(Data for analysis Opens)
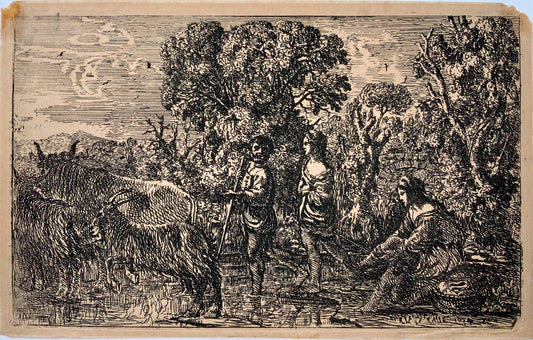 1643 Claude Lorrain, La Gué, Premier État, Eau-forte ancienne, genre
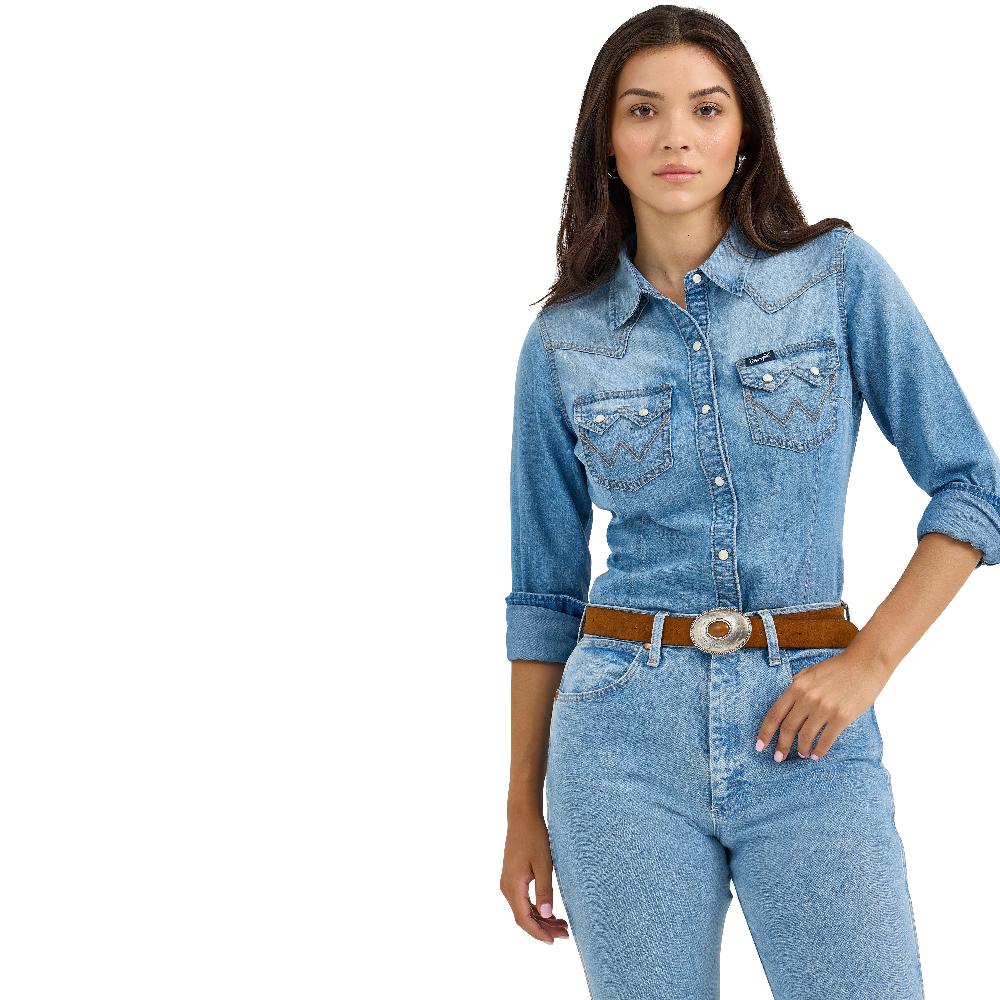 Le Bos Wrangler Blue Denim Retro Denim Women's Long Sleeve Snap Shirt 112367313
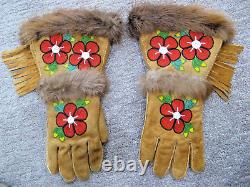 -$$$$, Vintage Native American Beaded Leather Fringe & Fur Trim Gauntlet Gloves
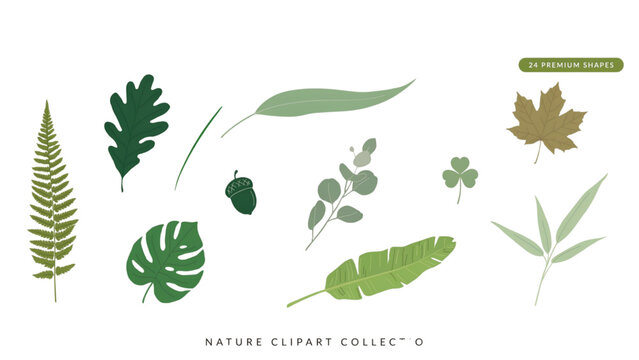 Set of various green tropical and forest leaves in pixel art style Vector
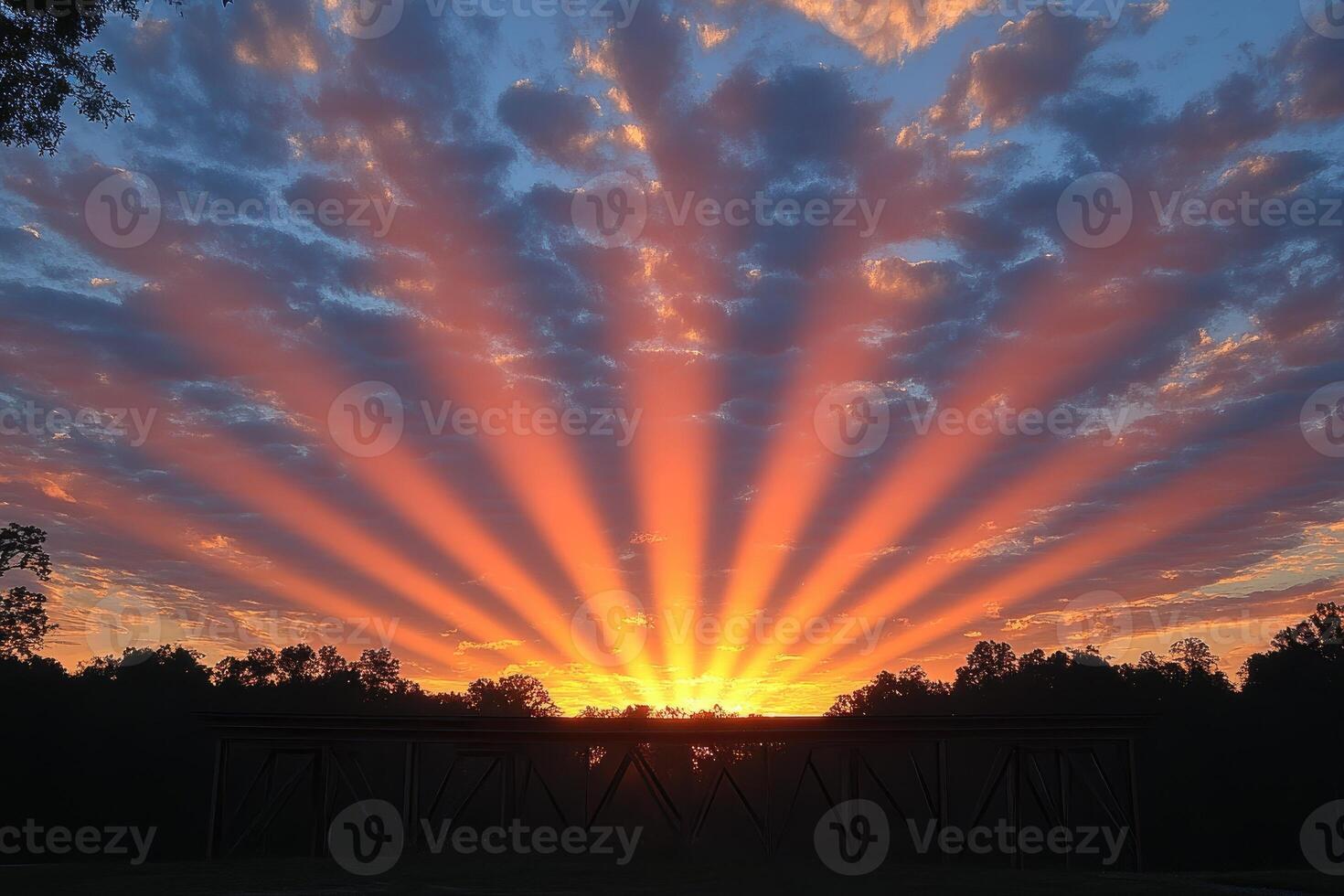 Sunset Rays Through Clouds Over Silhouetted Trees and Structure photo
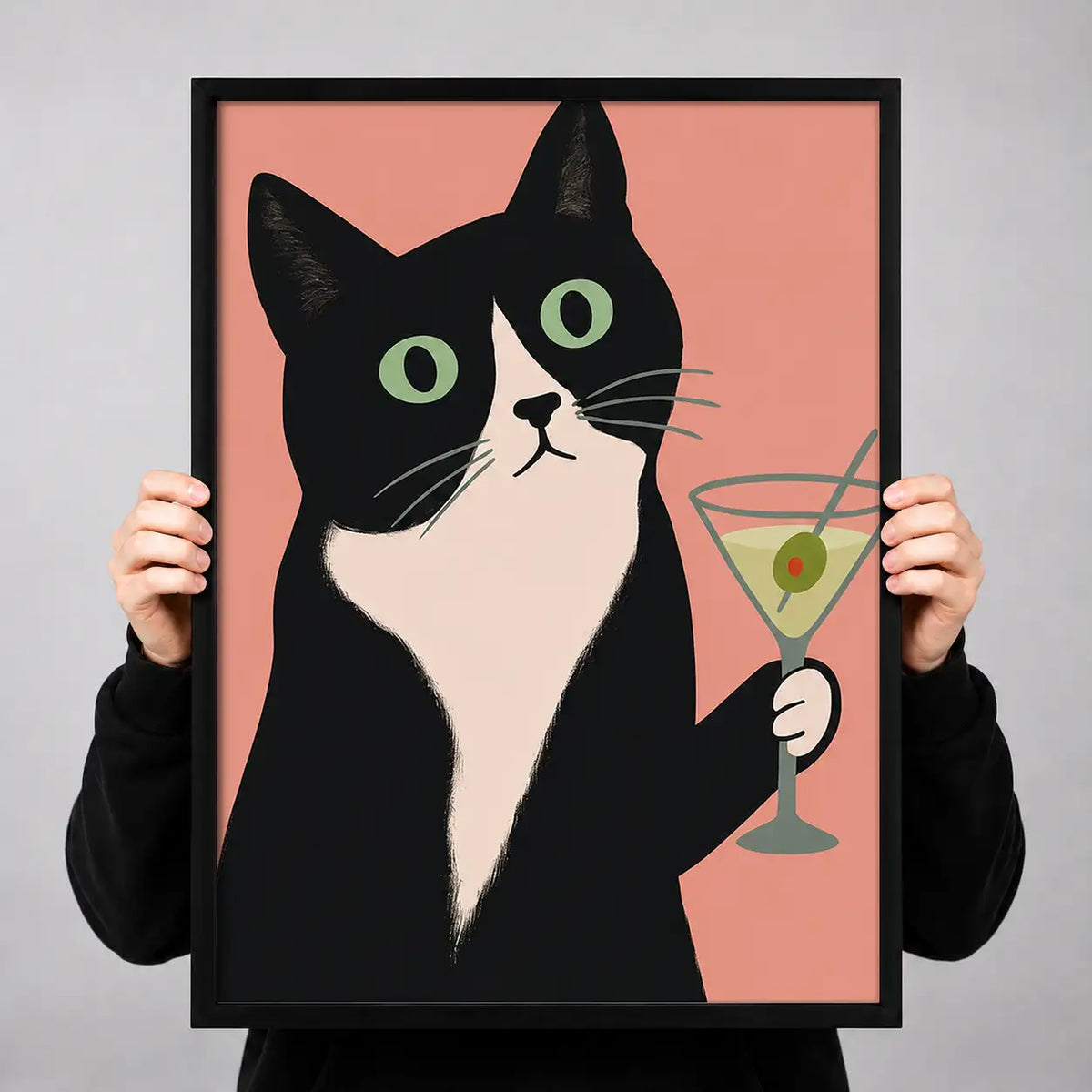 Tuxedo Cat Holding Green Martini Wall Art 3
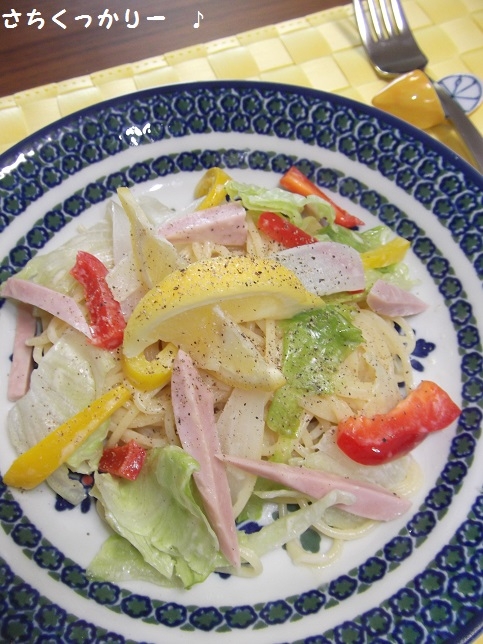 魚肉ソーセージ＆野菜のレモンパスタ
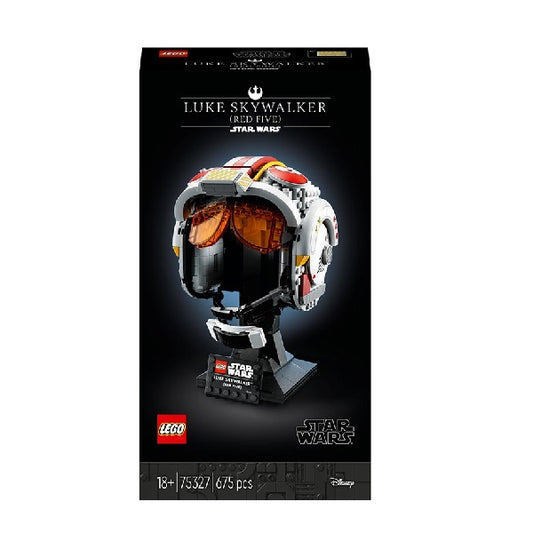 Confezione originale Lego con loghi star wars elmo di luke skywalker colori nero bianco arancio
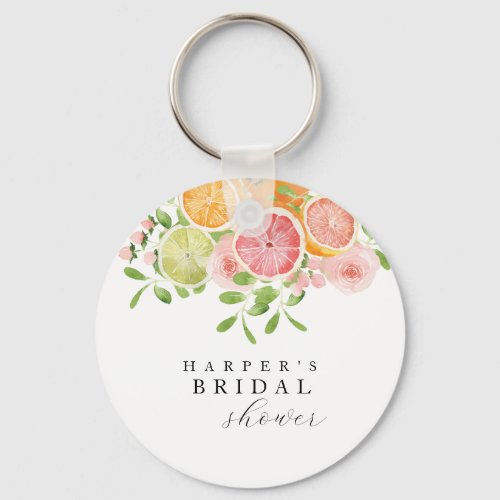 Bright flower and citrus bridal shower keychain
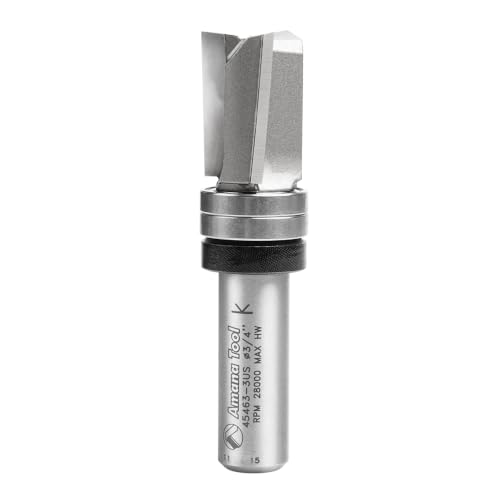 Amana Tool 45463-3US Carbide Tipped Up Shear Face Plunge Template Router Bit 3/4 Dia x 1 x 1/2 Inch Shank with Upper Ball Bearing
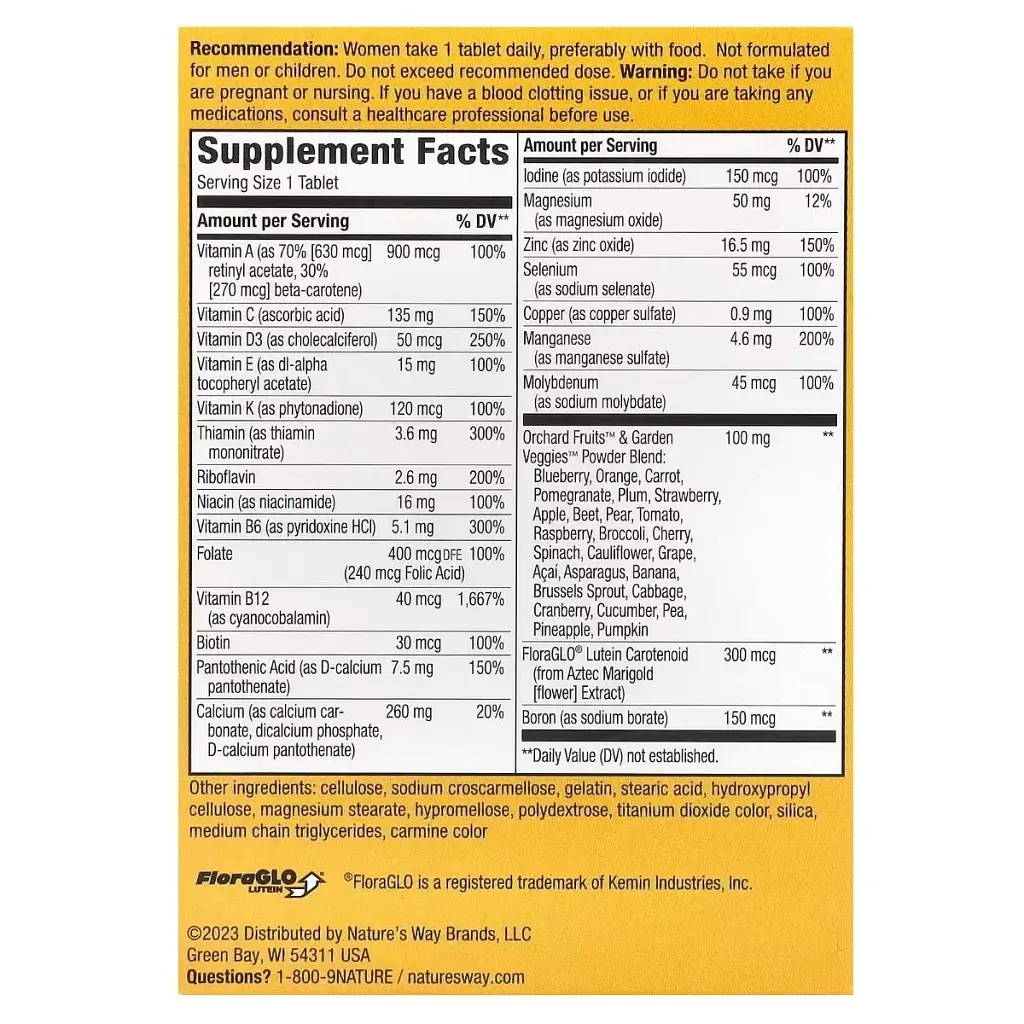 Мультивитамины полного комплекса для женщин 50+ Nature's Way Alive! Women's 50+ Complete Multivitamin 50 таблеток - фото 3
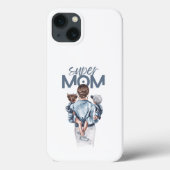 Personalized Super Mom with Son and Daughter Gift Case-Mate iPhone Case (Achterkant)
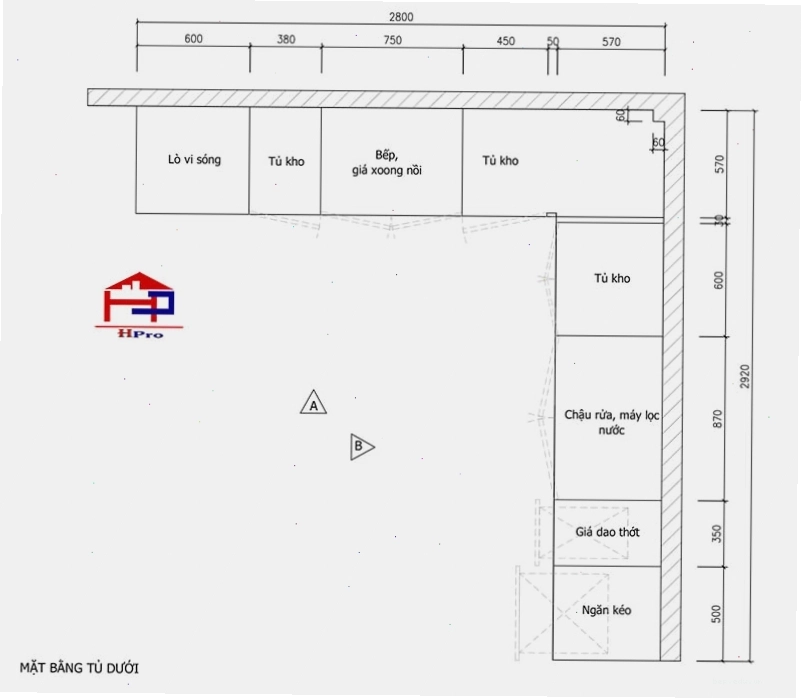 Khu vực soạn thực phẩm và nấu nướng trong tủ bếp gỗ xoan đào TBXD24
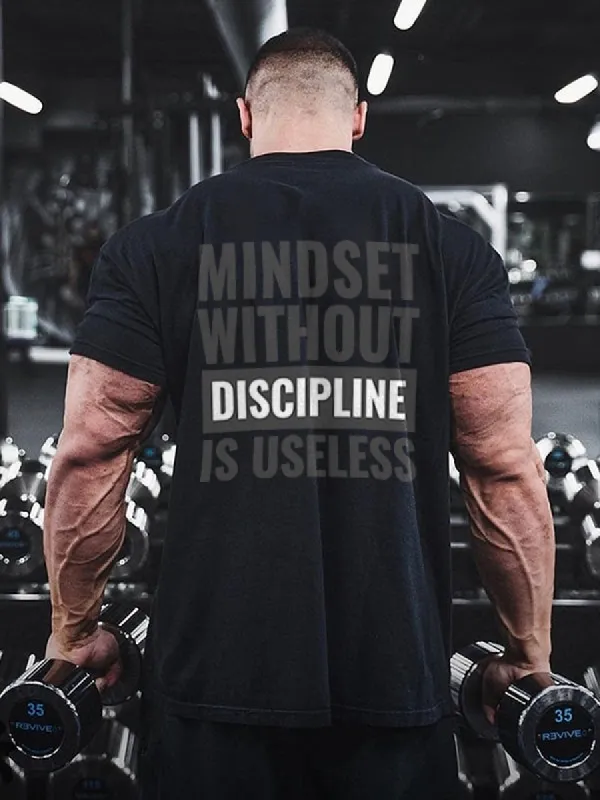 Mindset Without Discipline Is Useless Printed Men's T-shirt sold by Polyalien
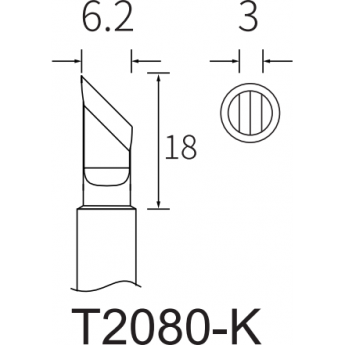 Жало ATTEN T2080-K косой нож 6.2x3 мм для паяльников 15A000245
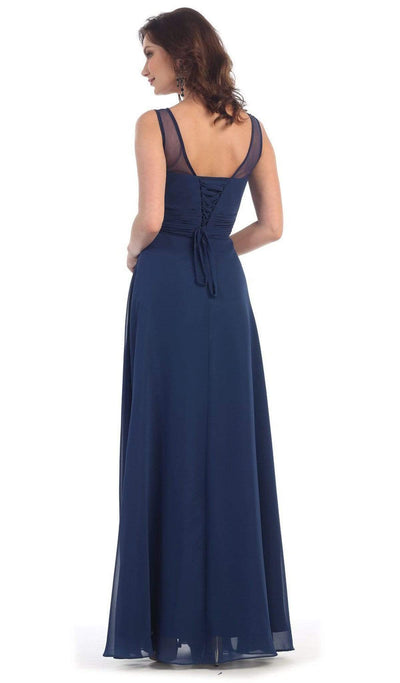 May Queen - MQ1266B Laced-Up Illusion Neck A-Line Prom Dress Bridesmaid Dresses 22 / Royal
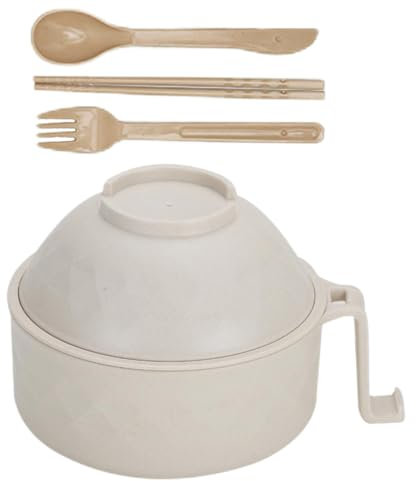 Bol à nouilles instantanées - Bol à Ramen Instantané avec Poignée, Bols à Soupe Saladiers avec Couvercle, Cuillère, Baguettes, Fourchettes Sceau d'isolation thermique pour pâtes, boulettes, salades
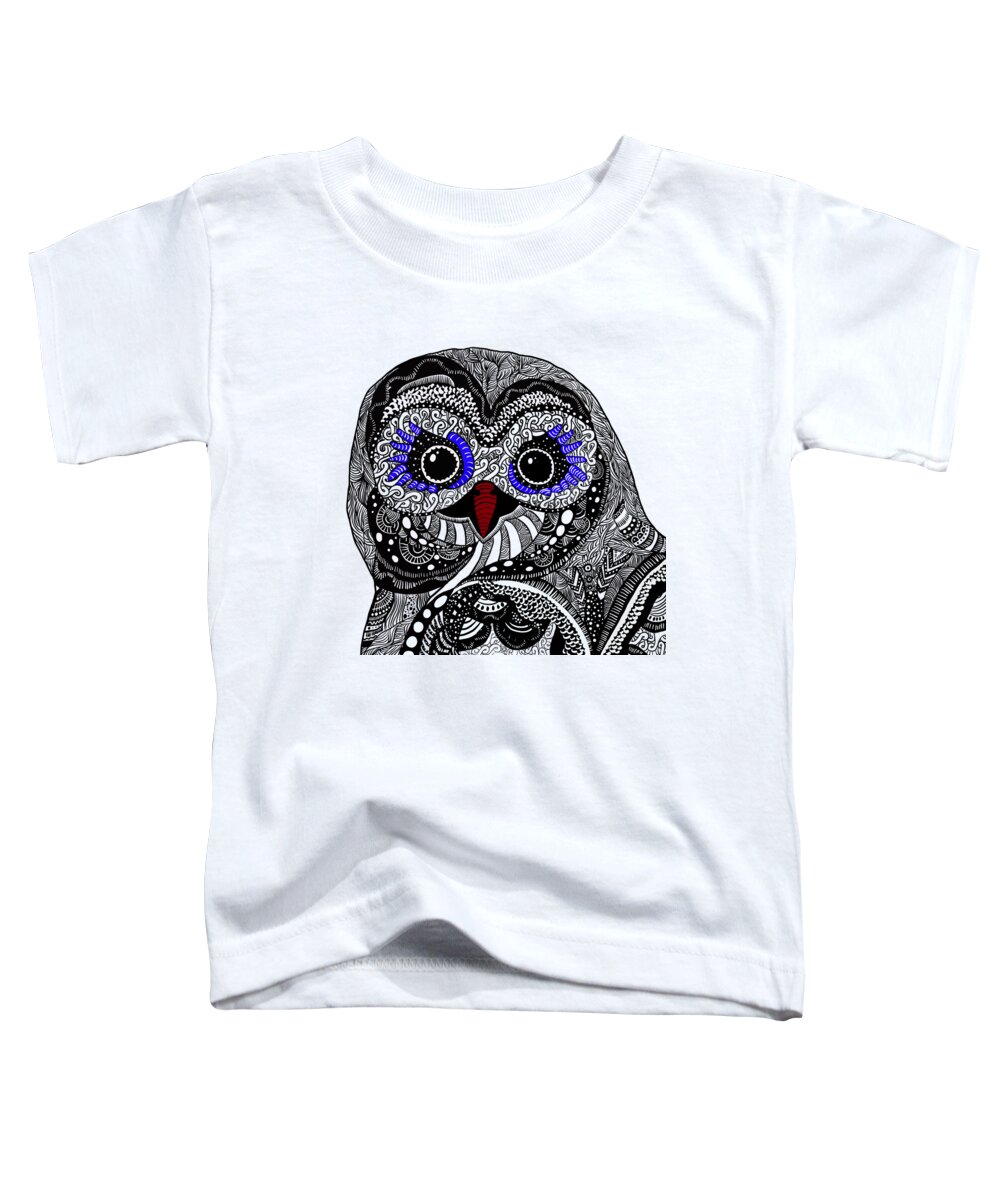 Zen Toddler T-Shirt featuring the drawing Zen Owl by Patricia Piotrak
(Data for analysis Closes)
Your instructions
Could you copy every record exactly, without the pictures?

Answer to the exercise
 1643 Claude Lorrain, La Gué, Premier État, Eau-forte ancienne, genre
 Le Bos Wrangler Blue Denim Retro Denim Women's Long Sleeve Snap Shirt 112367313
 -$$$$, Vintage Native American Beaded Leather Fringe & Fur Trim Gauntlet Gloves
 Set of various green tropical and forest leaves in pixel art style Vector
 Sunset Rays Through Clouds Over Silhouetted Trees and Structure photo
 Tuxedo Cat Holding Green Martini Wall Art 3
 魚肉ソーセージ＆野菜のレモンパスタ
 Confezione originale Lego con loghi star wars elmo di luke skywalker colori nero bianco arancio
 Bright flower and citrus bridal shower keychain
 Amana Tool 45463-3US Carbide Tipped Up Shear Face Plunge Template Router Bit 3/4 Dia x 1 x 1/2 Inch Shank with Upper Ball Bearing
 Мультивитамины полного комплекса для женщин 50+ Nature's Way Alive! Women's 50+ Complete Multivitamin 50 таблеток - фото 3
 Personalized Super Mom with Son and Daughter Gift Case-Mate iPhone Case (Achterkant)
 Khu vực soạn thực phẩm và nấu nướng trong tủ bếp gỗ xoan đào TBXD24
 Mindset Without Discipline Is Useless Printed Men's T-shirt sold by Polyalien
 Жало ATTEN T2080-K косой нож 6.2x3 мм для паяльников 15A000245
 May Queen - MQ1266B Laced-Up Illusion Neck A-Line Prom Dress Bridesmaid Dresses 22 / Royal
 Bol à nouilles instantanées - Bol à Ramen Instantané avec Poignée, Bols à Soupe Saladiers avec Couvercle, Cuillère, Baguettes, Fourchettes Sceau d'isolation thermique pour pâtes, boulettes, salades
 Zen Toddler T-Shirt featuring the drawing Zen Owl by Patricia Piotrak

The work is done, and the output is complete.